- Shiveh Asal Location within Iran
- Coordinates: 36°15′05″N 45°29′12″E﻿ / ﻿36.25139°N 45.48667°E
- Country: Iran
- Province: West Azerbaijan
- County: Sardasht
- District: Rabat
- Rural District: Gavork-e Sardasht

Population (2016)
- • Total: 109
- Time zone: UTC+3:30 (IRST)

= Shiveh Asal =

Village in West Azerbaijan province, Iran

Shiveh Asal (شيوه اصل) (Note: Formerly known as Shiveh Sal (شيوه صل), also romanized as Shīveh Şal) is a village in Gavork-e Sardasht Rural District of Rabat District in Sardasht County, West Azerbaijan province, Iran.

==Demographics==
===Population===
At the time of the 2006 National Census, the village's population, as Shiveh Sal, was 114 in 21 households, when it was in Melkari Rural District (Note: Renamed Melkari-ye Gharbi Rural District) of Vazineh District. (Note: Renamed the Central District of Mirabad County) The following census in 2011 counted 122 people in 30 households, by which time the village was listed as Shiveh Asal. The 2016 census measured the population of the village as 109 people in 22 households.

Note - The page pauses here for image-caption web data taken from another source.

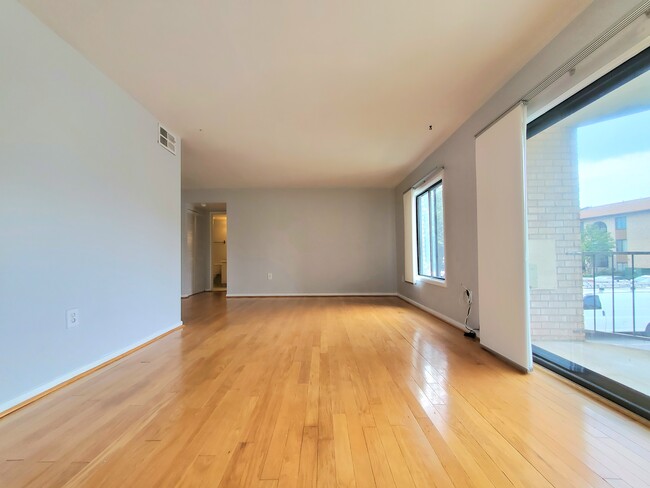 Foto del edificio - 6936 Hanover Pky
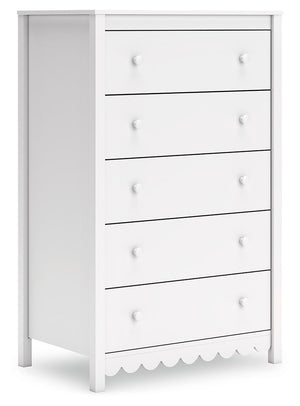 Thanks to its playful scalloped design, this chest of drawers is the perfect fit for cottage or coastal farmhouse interiors. The matte white finish serves as the perfect backdrop to showcase your personal taste and creativity. And its spacious drawers let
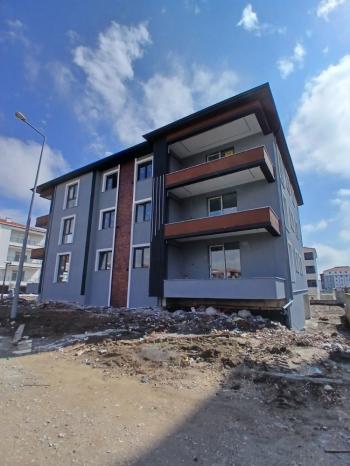 GÜVENAY - ÇORUM  ÇEPNİ MAH. KENT PARK CİVARI SATILIK 3+0 LÜKS DAİRE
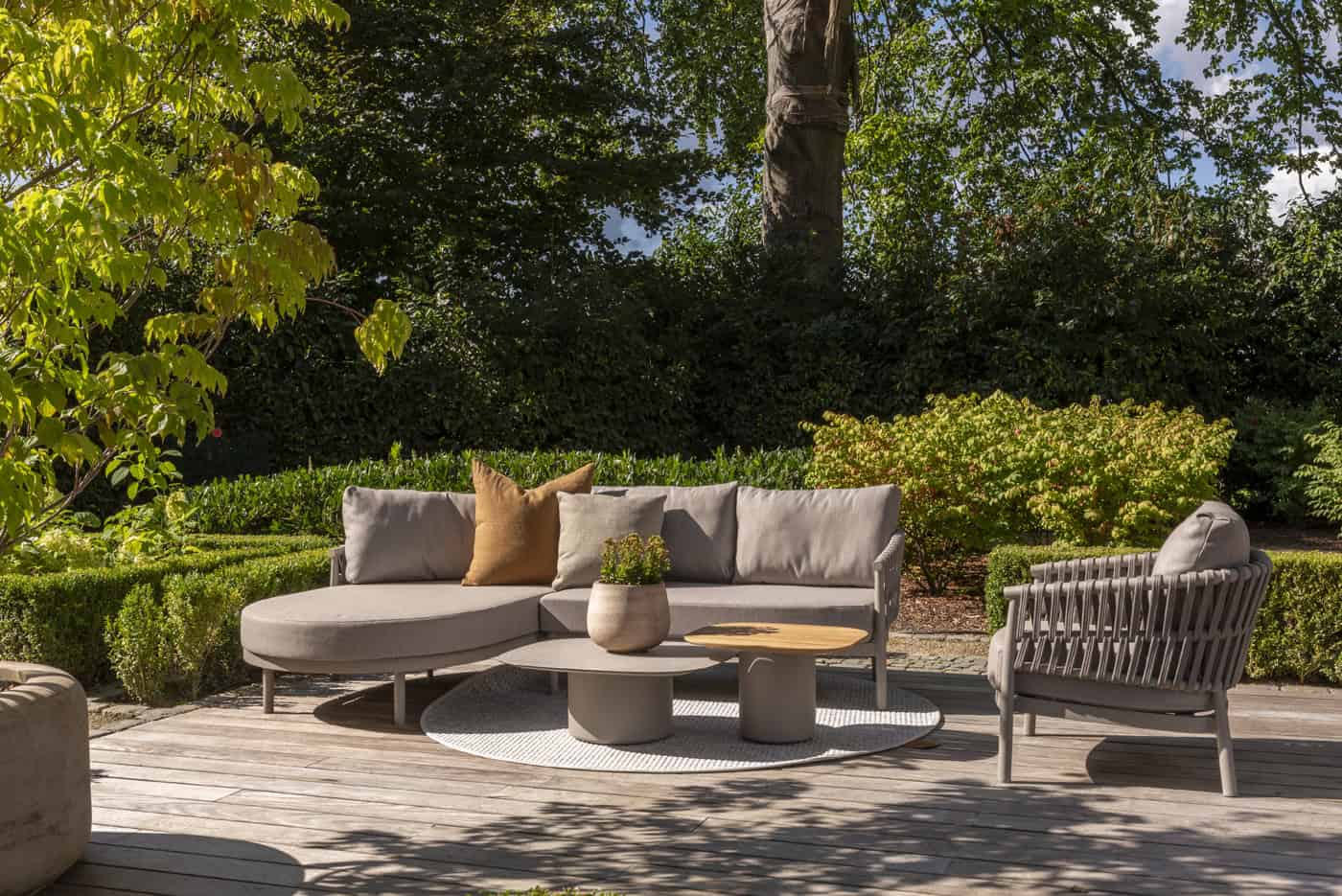 Taste 4SO Catalana loungeset + loungestoel + Demi tafels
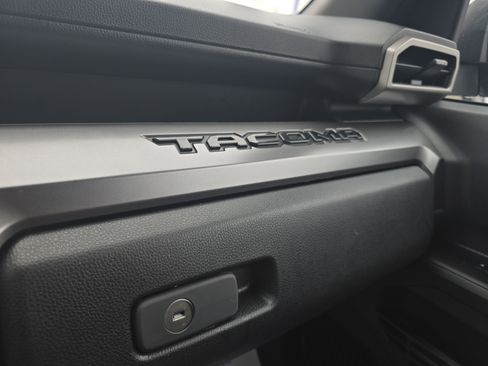 Used 2025 Toyota Tacoma TRD Sport image 31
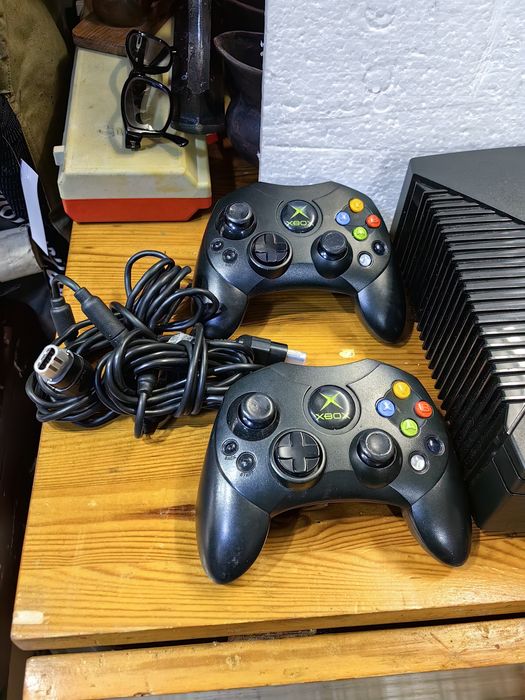 Конзола XBOX + 2 джойстика и една игра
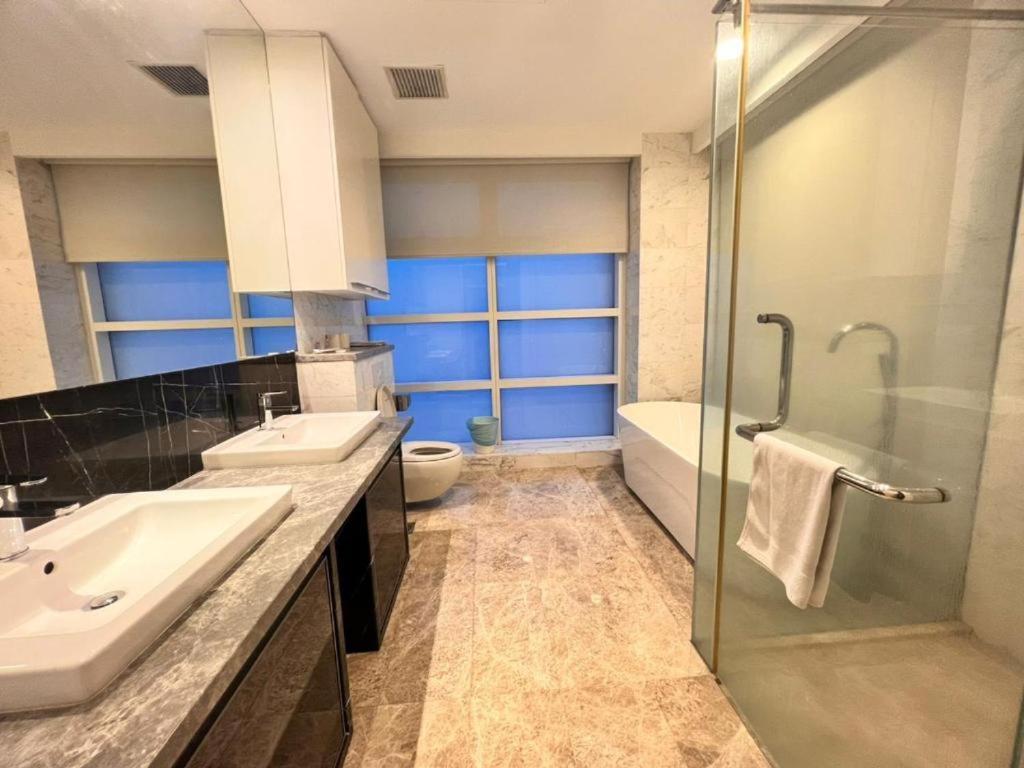 Apartemen The Platinum Serviced By Faced *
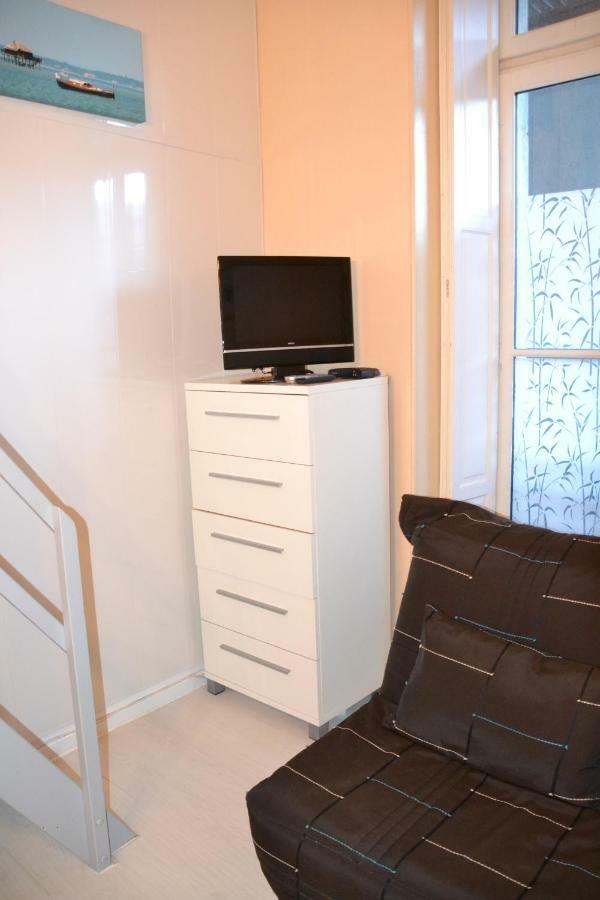 Petit Studio Dans Immeuble De Caractere Apartamento Cauterets Exterior foto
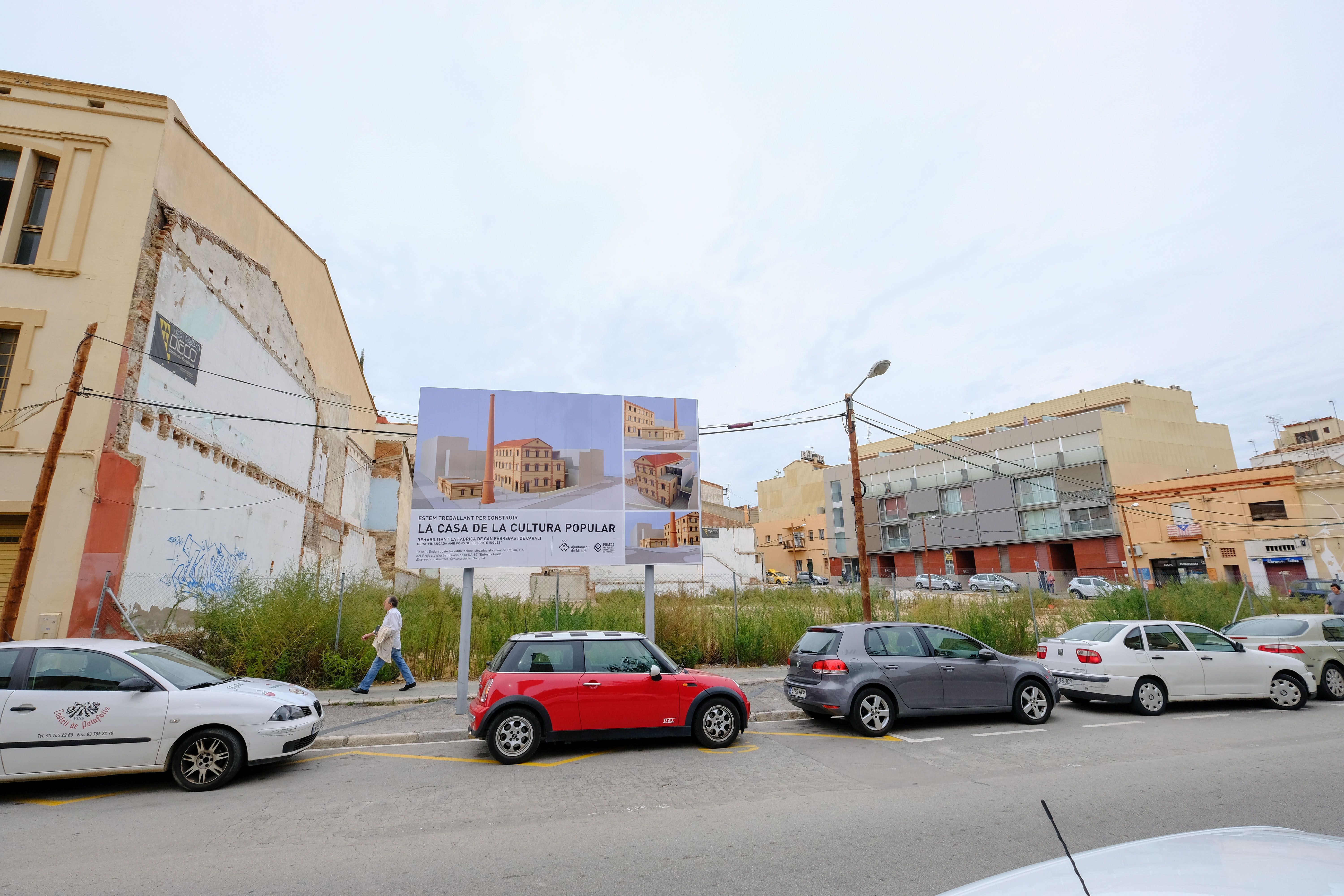 Solar donde se tiene que reconstruir Can Fàbregas para acoger la Casa de la Cultura Popular. Foto: R. Gallofré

In 2020, Gavork-e Sardasht Rural District was separated from the Central District in the formation of Rabat District and Shiveh Asal was transferred to the rural district. In 2022, Vazineh District was separated from the county in the establishment of Mirabad County and renamed the Central District. Melkari Rural District was transferred to the new Zab District and renamed Melkari-ye Gharbi Rural District.